On Thursday night (the same day as our IUI treatment) Hubby and I attended an IVF (in-vitro fertilization) information night. Our Fertility Clinic requires that all couples attend an information session before you can move forward with IVF treatment. We booked it 2 months ago so it was a coincidence that it fell on the same day as our IUI.


I don't think that either of us was looking forward to going. I've already learned a lot about IVF from the internet and my online friends. I didn't like the idea of being stuck in a small room with other people for 3 hours listening to someone go on and on about it.

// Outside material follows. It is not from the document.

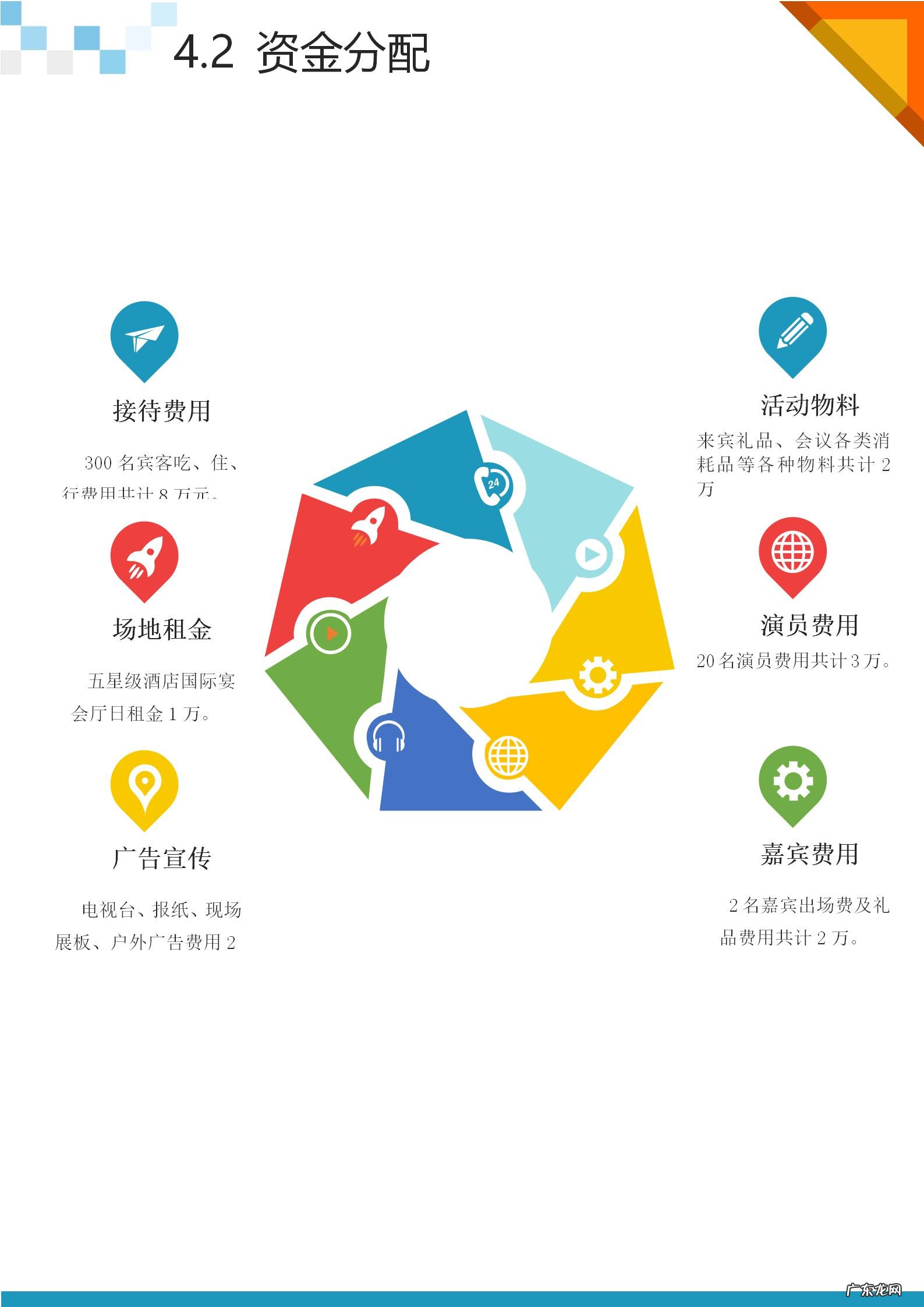 活动开展情况报告 开展活动方案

The session was held in a lecture hall at the hospital. We figure that there was at least 50 couples there! That surprised me, they run these sessions every 2 weeks - how many infertile couples in our city can there be? It turns out at least 1/2 of the couples were in from out of town - many from several provinces over. Our clinic comes highly recommended in Canada.

Of course every classroom has one class clown. I'm all for asking questions if you're unsure, but this guy was embarrassing everyone - including the doctor! If nothing else, he gave Hubby and I something to chuckle over.

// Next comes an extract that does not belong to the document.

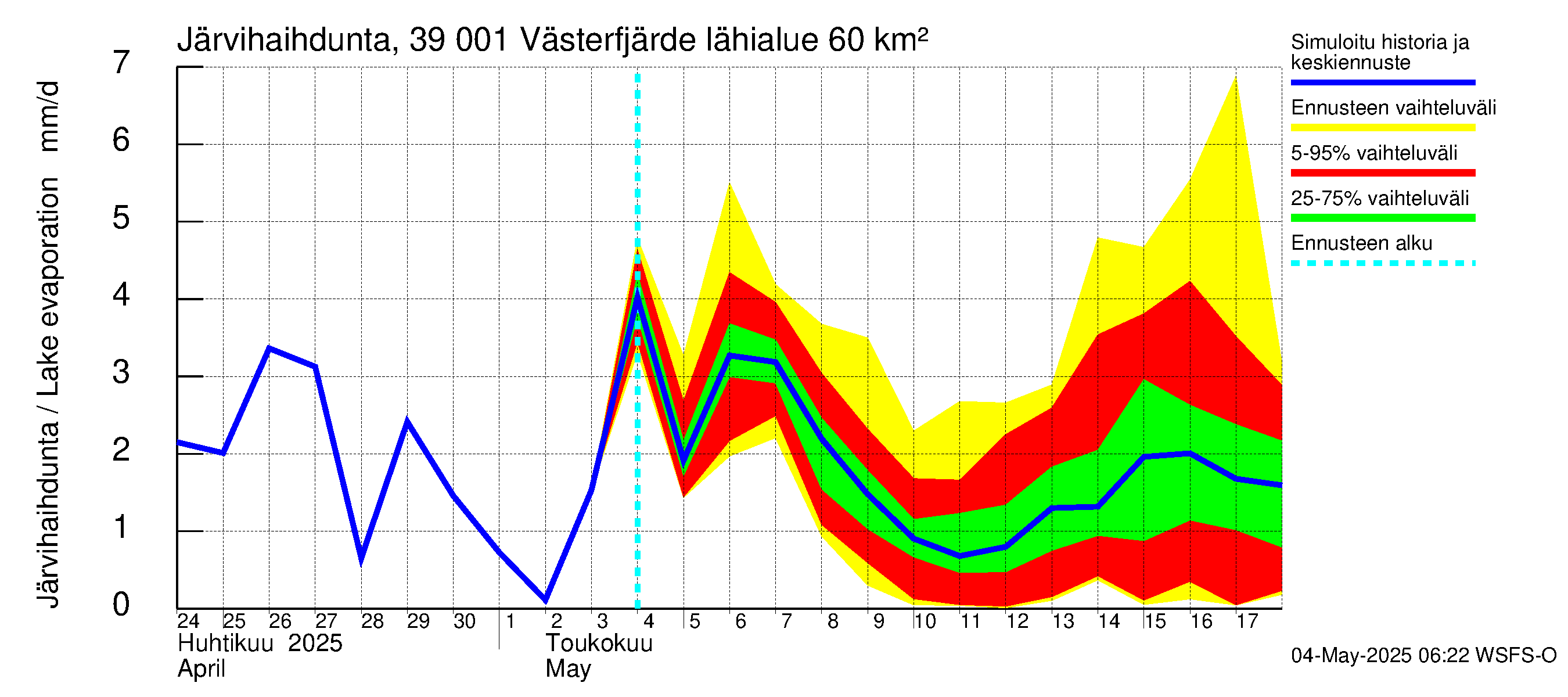Närpiönjoen vesistöalue - Västerfjärden: Järvihaihdunta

The bottom line: Hubby learned a lot about the IVF procedure. I learned that I really don't want to have to go through IVF if possible (I'm really, really hoping that the IUI worked). We invested $250 and 3 hours to bring us one step closer to treatment (if we need it).

Friday, January 29, 2010

IUI, Acupuncture, and IVF - Oh My!


That was my day yesterday! That's a lot of TTC activities in one day.


Yesterday morning we had our IUI. Hubby went in at 7:30 am to give his specimen. On my way out the door in the morning I told him to "aim straight". He reported to me later that he didn't spill a drop. He also made several comments about the Clinic's porn selection - but that's for another post!

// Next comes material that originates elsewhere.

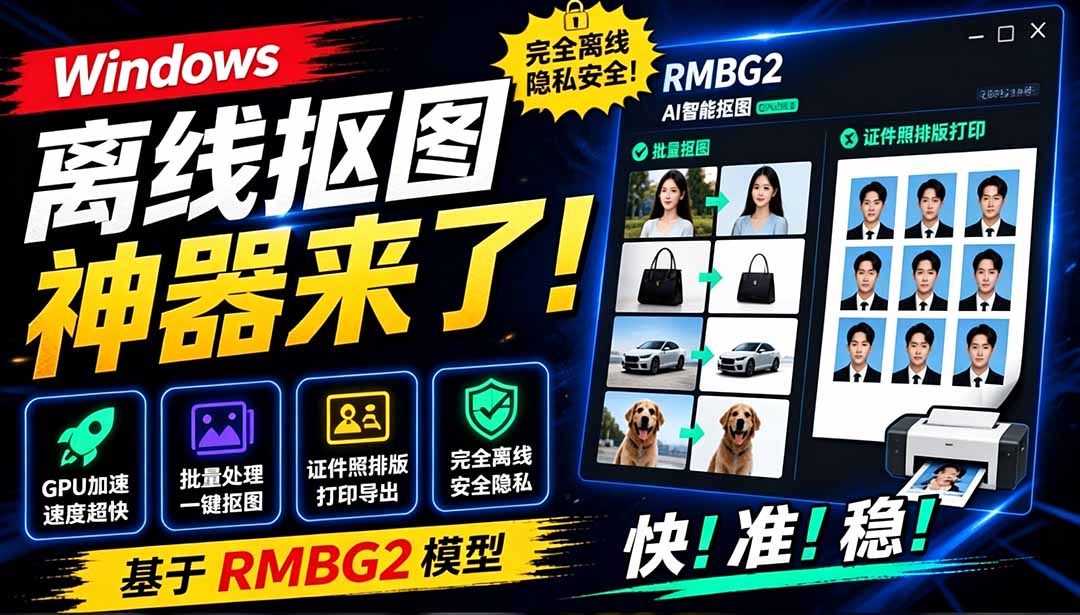 Windows离线AI抠图工具，基于RMBG2支持批量抠图和证件照排版打印，N卡可GPU加速 - 缩略图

I went in at 10:30 am for the IUI. The nurse showed me this tiny vial with a purple liquid in it and assured me that there were 14 million of Hubby's best in there. This looked nothing like I was used to seeing! The IUI went really well. I didn't even feel her insert the catheter - which I hope means that my cervix was nice and open! The nurse said that we have to "make love" tonight and tomorrow. (I always chuckle when they say "make love" - just say "have sex" we can handle it.)

Then it was back to work for the rest of the day - I was barely focused all week as it was, but now I had to finish out the day like nothing had happened??? I was trying to visualize the swimmers getting to where they needed to be - I wasn't trying to think about our clients' needs.

At 4pm I went to see Dr. A for an acupuncture treatment. He said that I'm not to come back until I'm 5 weeks pregnant or when AF shows. I told him after that I will "see him in 3 weeks" and he said "I hope so". I'm trying to think positive here!

At 7pm Hubby and I attended the IVF orientation class. It was nothing like I had expected. I figured there would be maybe 10 couples there. It was held in a lecture hall at the hospital and there was about 50 couples there! I'm proud to say that I really didn't learn anything new (thanks to all of my internet IF friends), but I think that Hubby did. I left the class with a strong desire to not have to do IVF. I'm really hoping that I get pregnant this cycle and I won't have to worry about it!

I will write another post all about the orientation class this weekend.

But our day wasn't over. Even though we didn't get home until 10 pm, we still had to "make love". I don't think that either of us was too thrilled with the prospect. Hubby said that he was out of swimmers so why bother? But we persevered and followed the nurse's instructions.

This is going to be a long 2 week wait!

Wednesday, January 27, 2010

Wordless Wednesday - Where you go for an IUI?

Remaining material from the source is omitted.